Sunday, April 22, 2007 at 9:41 pm
Democracy Syrian-Style

Senior government officials vote under the watchful portraits of President Bashar Al-Assad and his late father, Hafez.
Is there any reason to pay attention to the parliamentary election in Syria?
Not if you like your elections to be exercises in representative democracy. For all the hoopla about transparent plastic ballot boxes and indelible ink to prevent voter fraud, there is little doubt that the contest -- which began today and continues tomorrow -- will produce a Ba'athist victory. Not only were two-thirds of the seats reserved for members of the Ba'ath-led list, but all independent candidates had to be approved by the government of President Bashar Al Assad, which has jailed opposition parliament members for good measure.
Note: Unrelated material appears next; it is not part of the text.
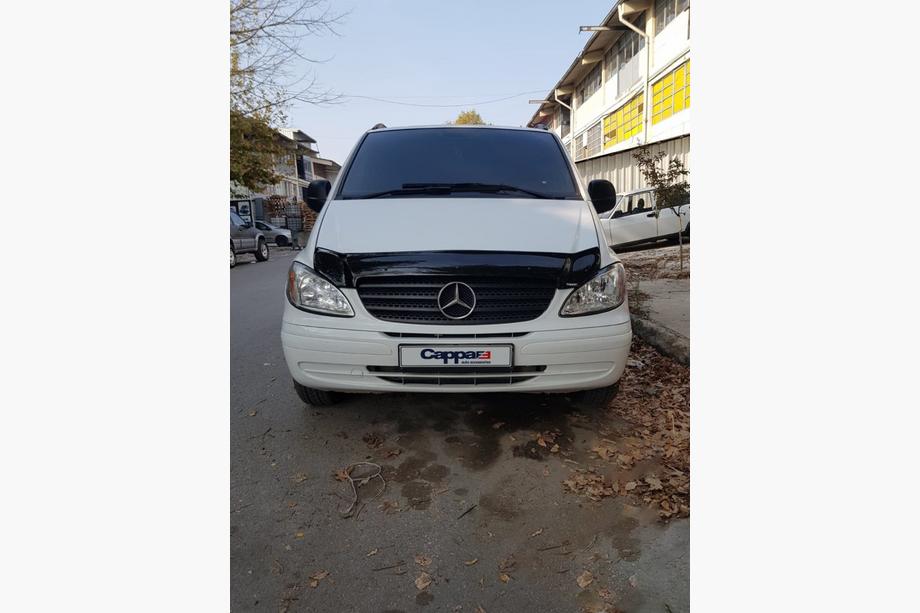 Mercedes Vito W639 2004-2014 Motorhaubenschutz (2003-2010, EuroCap) Foto 4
But what's been interesting about these elections is how the Syrian government has been marketing them: as Syrian-style democracy, rather than American-style democracy. According to that narrative, American democracy arrives by gunpoint and ends with car bombs and sectarianism. But Syrian democracy is peaceful and strengthens national unity. "These elections show the world that Syria wants peace... not American militarism and Israeli apartheid," said Bouthaina Shaaban, Minister of Expatriates, as she voted today.
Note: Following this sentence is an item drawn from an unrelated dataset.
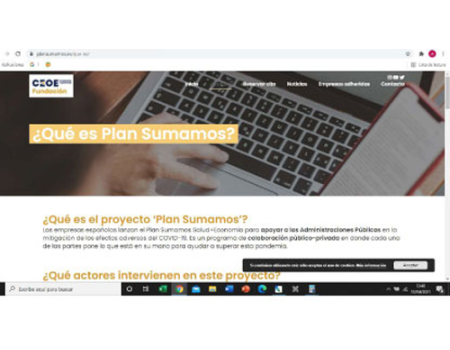 Los empresarios de Castilla-La Mancha ofrecen su colaboraci�n y medios para acelerar la vacunaci�n 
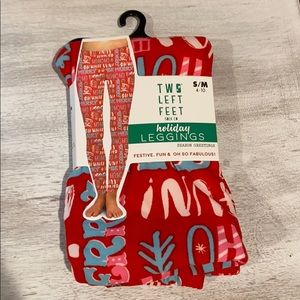 Two Left Feet Holiday Leggings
How much appeal does Syrian-style democracy have? Probably not much. Turnout was thin at the polling places I visited, except when high officials came to cast their ballots. At one school building where a crowd of around 100 party supporters waited for the vice president to arrive, only about 120 people had actually voted by early afternoon.
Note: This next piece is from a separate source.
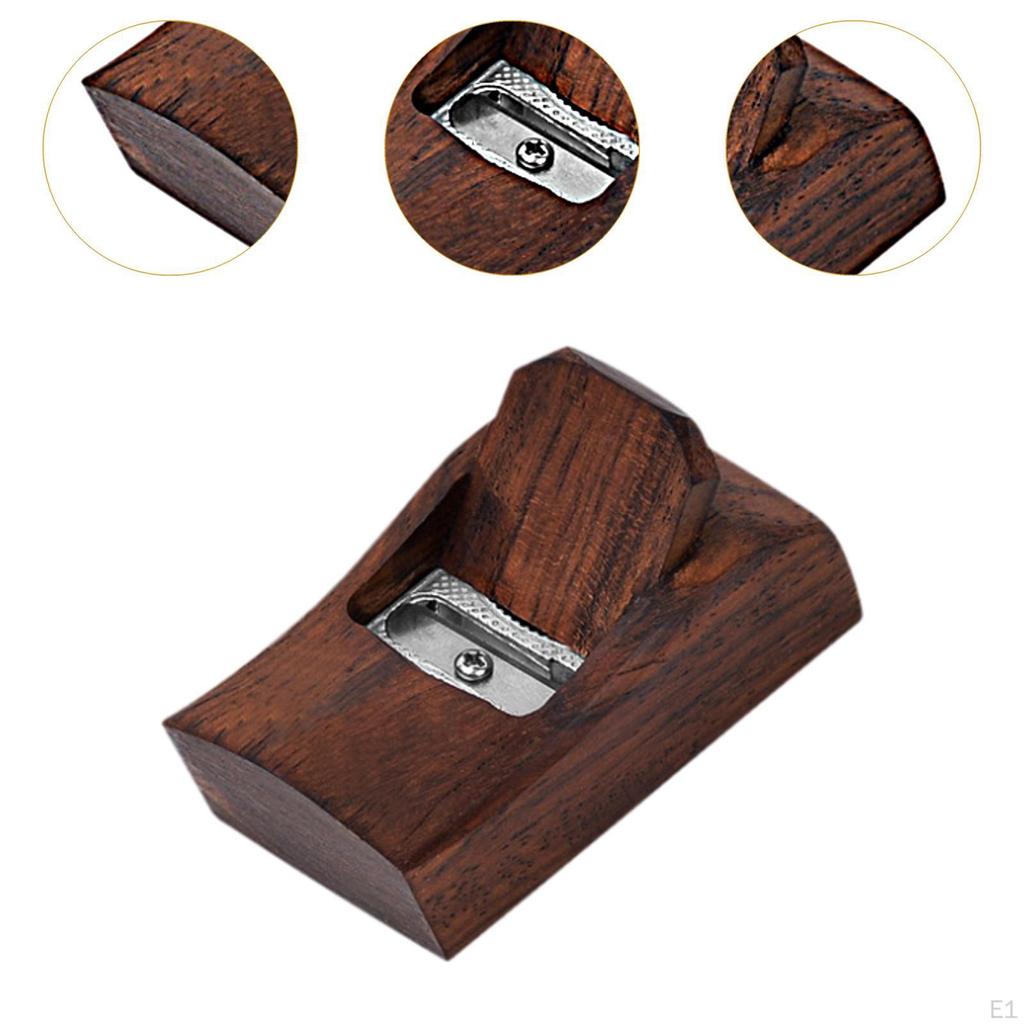 Wood Pencil Sharpener Cutter for Kids Adults Classroom Writing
But there are not a lot of other choices. One look at what's happening next door in Iraq is enough to sour most Syrians on political experiments. As an LA Times reporter recently returned from Baghdad said to me today: "It's strange covering an election without having to worry about getting shot." Unfortunately, that's the lesson that Syrians may have learned too: real elections equal real violence.
If Syrians have few options than to stick with the government they know, the United States and its allies in the Middle East also have few points of leverage over the Syrian government. They want the Assad regime to stop supporting anti-Israeli terror groups such as Hamas and Hizballah, and to stop trying to regain their lost hegemony over Lebanon. But what can they do? If Israel leveled the country in a military strike, or if the US got a UN tribunal to haul President Assad off to court for the assassination of Lebanese prime minister Rafik Hariri, just who would they get to run this place? Paul Bremer? The sorry state of democracy is this regime's best defense against hostile foreign powers. As far as Syria is concerned, it's Bashar or bust.